===== Data for processing

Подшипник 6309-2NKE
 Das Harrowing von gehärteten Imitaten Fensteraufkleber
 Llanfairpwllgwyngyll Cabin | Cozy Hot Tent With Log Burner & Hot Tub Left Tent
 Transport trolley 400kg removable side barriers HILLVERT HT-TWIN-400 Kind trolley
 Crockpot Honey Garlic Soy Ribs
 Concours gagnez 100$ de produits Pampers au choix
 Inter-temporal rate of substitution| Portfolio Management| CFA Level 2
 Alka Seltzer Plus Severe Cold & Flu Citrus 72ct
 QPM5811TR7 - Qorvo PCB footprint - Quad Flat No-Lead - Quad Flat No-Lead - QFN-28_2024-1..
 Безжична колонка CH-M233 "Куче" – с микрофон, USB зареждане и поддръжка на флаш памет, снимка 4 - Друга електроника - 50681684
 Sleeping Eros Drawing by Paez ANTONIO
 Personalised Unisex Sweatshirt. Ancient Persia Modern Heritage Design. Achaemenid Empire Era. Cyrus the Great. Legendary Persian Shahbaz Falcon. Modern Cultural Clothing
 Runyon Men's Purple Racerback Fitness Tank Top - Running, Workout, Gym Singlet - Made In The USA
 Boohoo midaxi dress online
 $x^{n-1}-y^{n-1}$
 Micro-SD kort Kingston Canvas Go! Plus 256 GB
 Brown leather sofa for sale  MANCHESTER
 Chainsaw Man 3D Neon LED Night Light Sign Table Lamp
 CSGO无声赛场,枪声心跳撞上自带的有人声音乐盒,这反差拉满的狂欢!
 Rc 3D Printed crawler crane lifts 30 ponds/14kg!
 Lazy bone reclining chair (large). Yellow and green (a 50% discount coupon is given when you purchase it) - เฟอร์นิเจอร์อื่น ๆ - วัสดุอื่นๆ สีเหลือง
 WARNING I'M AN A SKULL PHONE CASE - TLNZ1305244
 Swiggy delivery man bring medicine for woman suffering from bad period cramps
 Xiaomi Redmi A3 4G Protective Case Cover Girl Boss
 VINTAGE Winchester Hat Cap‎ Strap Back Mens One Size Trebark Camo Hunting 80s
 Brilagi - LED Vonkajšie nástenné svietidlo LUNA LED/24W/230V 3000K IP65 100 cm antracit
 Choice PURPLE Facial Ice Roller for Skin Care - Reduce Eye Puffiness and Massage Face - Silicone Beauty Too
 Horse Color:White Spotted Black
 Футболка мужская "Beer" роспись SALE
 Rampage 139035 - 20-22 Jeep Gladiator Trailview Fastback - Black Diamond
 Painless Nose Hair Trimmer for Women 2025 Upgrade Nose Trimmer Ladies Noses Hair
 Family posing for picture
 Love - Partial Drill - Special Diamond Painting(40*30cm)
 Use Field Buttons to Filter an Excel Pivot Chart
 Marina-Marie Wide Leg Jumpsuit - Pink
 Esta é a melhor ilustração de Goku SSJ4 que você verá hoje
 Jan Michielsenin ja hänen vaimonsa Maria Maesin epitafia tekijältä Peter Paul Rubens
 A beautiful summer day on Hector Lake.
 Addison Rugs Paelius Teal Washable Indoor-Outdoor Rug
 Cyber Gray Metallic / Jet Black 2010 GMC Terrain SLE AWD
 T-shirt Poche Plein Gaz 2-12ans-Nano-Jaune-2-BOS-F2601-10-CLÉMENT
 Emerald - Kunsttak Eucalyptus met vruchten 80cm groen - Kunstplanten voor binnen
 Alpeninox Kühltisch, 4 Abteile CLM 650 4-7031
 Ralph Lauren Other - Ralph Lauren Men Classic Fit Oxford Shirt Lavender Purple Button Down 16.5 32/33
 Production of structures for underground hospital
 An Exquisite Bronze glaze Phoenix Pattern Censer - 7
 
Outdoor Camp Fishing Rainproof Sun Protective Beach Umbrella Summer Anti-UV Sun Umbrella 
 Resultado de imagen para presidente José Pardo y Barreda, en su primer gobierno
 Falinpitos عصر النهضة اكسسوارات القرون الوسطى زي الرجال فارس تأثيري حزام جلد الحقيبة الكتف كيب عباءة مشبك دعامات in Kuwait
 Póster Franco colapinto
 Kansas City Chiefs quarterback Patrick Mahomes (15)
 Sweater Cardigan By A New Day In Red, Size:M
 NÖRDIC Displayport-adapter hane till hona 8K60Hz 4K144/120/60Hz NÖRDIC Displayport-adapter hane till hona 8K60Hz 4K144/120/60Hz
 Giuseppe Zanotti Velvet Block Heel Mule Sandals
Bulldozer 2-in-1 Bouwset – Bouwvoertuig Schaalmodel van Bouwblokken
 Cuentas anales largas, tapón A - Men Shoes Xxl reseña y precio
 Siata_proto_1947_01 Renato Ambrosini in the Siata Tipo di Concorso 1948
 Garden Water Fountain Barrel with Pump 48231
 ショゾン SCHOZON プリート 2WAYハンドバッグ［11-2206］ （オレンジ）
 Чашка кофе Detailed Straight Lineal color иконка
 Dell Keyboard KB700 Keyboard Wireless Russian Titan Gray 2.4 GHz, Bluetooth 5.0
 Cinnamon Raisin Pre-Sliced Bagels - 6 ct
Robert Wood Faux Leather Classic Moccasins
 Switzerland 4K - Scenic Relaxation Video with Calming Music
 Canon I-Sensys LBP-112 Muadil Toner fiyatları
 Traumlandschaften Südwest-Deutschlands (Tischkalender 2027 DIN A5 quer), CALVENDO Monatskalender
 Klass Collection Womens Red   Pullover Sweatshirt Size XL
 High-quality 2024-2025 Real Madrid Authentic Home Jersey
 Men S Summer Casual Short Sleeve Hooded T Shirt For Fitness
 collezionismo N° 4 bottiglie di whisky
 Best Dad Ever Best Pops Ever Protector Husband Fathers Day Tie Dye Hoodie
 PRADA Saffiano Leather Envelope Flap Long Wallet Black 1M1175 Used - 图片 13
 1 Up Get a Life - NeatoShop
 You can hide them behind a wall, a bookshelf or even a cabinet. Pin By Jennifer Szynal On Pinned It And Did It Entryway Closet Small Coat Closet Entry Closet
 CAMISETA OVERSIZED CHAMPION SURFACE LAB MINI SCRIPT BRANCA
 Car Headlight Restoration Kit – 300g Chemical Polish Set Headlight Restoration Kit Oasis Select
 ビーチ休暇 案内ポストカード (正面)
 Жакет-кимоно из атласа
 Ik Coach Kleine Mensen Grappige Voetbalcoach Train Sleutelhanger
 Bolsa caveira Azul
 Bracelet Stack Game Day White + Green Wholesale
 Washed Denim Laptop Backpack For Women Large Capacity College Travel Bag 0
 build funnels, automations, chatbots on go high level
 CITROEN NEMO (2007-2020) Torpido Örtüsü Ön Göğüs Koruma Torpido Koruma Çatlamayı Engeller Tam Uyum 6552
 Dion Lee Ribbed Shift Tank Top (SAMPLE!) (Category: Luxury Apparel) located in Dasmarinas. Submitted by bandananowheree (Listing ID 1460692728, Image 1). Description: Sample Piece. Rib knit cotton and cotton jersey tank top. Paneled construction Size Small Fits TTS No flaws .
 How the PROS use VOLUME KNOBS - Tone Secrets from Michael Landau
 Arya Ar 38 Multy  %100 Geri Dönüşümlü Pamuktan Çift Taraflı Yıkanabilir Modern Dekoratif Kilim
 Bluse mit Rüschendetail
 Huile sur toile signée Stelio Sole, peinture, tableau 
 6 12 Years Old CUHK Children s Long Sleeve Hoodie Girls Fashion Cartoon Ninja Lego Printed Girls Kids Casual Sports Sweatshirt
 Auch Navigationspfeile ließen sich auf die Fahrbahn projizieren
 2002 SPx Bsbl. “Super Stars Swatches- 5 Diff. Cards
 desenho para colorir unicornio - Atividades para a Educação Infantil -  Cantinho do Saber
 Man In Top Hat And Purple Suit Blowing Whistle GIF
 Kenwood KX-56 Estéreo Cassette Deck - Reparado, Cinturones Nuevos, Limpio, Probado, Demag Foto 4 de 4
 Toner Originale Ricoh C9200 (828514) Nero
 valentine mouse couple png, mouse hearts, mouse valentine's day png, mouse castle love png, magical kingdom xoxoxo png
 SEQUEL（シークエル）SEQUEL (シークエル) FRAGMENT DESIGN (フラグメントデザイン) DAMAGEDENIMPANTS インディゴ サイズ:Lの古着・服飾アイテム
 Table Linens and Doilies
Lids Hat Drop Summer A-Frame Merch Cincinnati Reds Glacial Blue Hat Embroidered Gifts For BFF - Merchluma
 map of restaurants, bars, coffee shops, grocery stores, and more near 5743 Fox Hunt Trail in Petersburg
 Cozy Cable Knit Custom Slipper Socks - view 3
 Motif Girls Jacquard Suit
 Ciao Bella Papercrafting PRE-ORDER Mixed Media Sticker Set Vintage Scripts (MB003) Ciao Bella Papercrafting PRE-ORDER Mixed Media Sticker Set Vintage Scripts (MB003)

==========

Here the job is to output the lines from the start of the material through the line with "Crockpot Honey Garlic Soy Ribs", inclusive, exactly and with nothing else.

Подшипник 6309-2NKE
 Das Harrowing von gehärteten Imitaten Fensteraufkleber
 Llanfairpwllgwyngyll Cabin | Cozy Hot Tent With Log Burner & Hot Tub Left Tent
 Transport trolley 400kg removable side barriers HILLVERT HT-TWIN-400 Kind trolley
 Crockpot Honey Garlic Soy Ribs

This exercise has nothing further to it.